Opera is actively involved in the development of two mobile-oriented browsers: the enormously popular but atypical Opera Mini which mostly runs on older and non-smartphone devices, and the more modern smartphone-oriented Opera Mobile. When I asked, I was told that separate figures for how many people use each browser are unavailable. Given how eager Opera are to boast about how many Opera Mini users they have, it’s pretty easy to conclude that the number of Opera Mobile users is a lot smaller. This is significant, as a major justification given for spoofing vendor prefixes is that it affects a lot of people; Opera currently only intend to make the change within Opera Desktop and Mobile.
Opera have tried to throw a feint by insinuating that this is to prevent their users from being locked out:
When people block access by certain browsers, whether by omitting CSS rules or actively blocking, we have a duty to our users to access that content.
This is an egregious straw man: the prefixes Opera are implementing are limited to transitions, transforms, border radius and box shadows. None of these are barriers to being able to access content; this is just how progressive enhancement works.
As it stands today, Opera Software is a profitable and growing business, as their latest quarterly report attests (PDF link). But this masks the underlying sea change that’s happening with mobile Internet-enabled devices. Opera (along with Mozilla and Microsoft, the other parties intending to make this vendor prefix change) know full well that they’re sitting on sand castles as the tide comes in. An increasingly large number of the mobile phone devices sold today are either iOS or Android-based, and as the technology matures and economies of scale improve, the share of the market that once belonged to feature phones will be swallowed up by cheaper iOS or Android devices.
Experienced web developers know that encouraging customers to install another browser is a difficult if not impossible task. It’s even less likely that smartphone users will feel any need to install a third-party browser on their device when the default browser is easily good enough to begin with. Opera are faced with the knowledge that within a few short years, their user base could be eroded to almost nothing. This move is reflective of this realisation, and is one made out of desperation, with little concern for the long term implications to web developers and the standards process.

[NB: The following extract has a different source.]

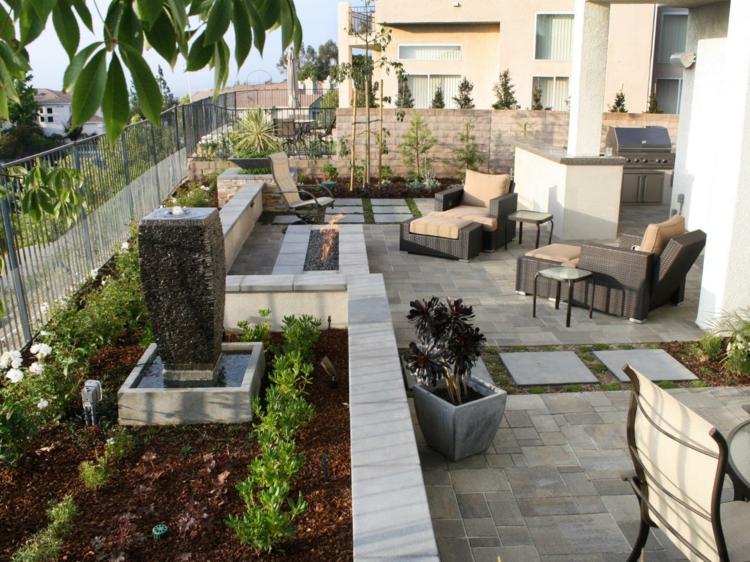 matchande-trädgård-design-tak-terrass-ytor-säng-möbler-moderna
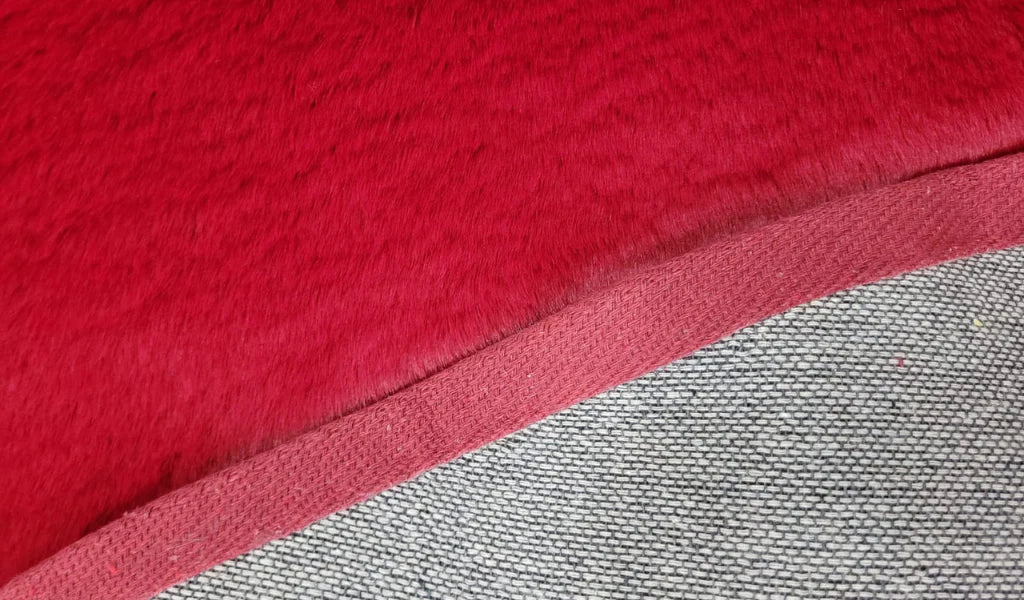 Faux fur red Circle Splash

Vendor prefixes are, to be sure, a mess. But the situation we find ourselves in is not the fault of vendors implementing features this way, but of the glacial pace of the CSS Working Group in ratifying features that are already in widespread use. That another browser vendor feels able to spoof them shows the feature is already mature. The danger now is that ‘bad’ web developers will treat
-webkit as more than just a de facto standard, and the march towards a single dominant browser in the mobile space will gather pace.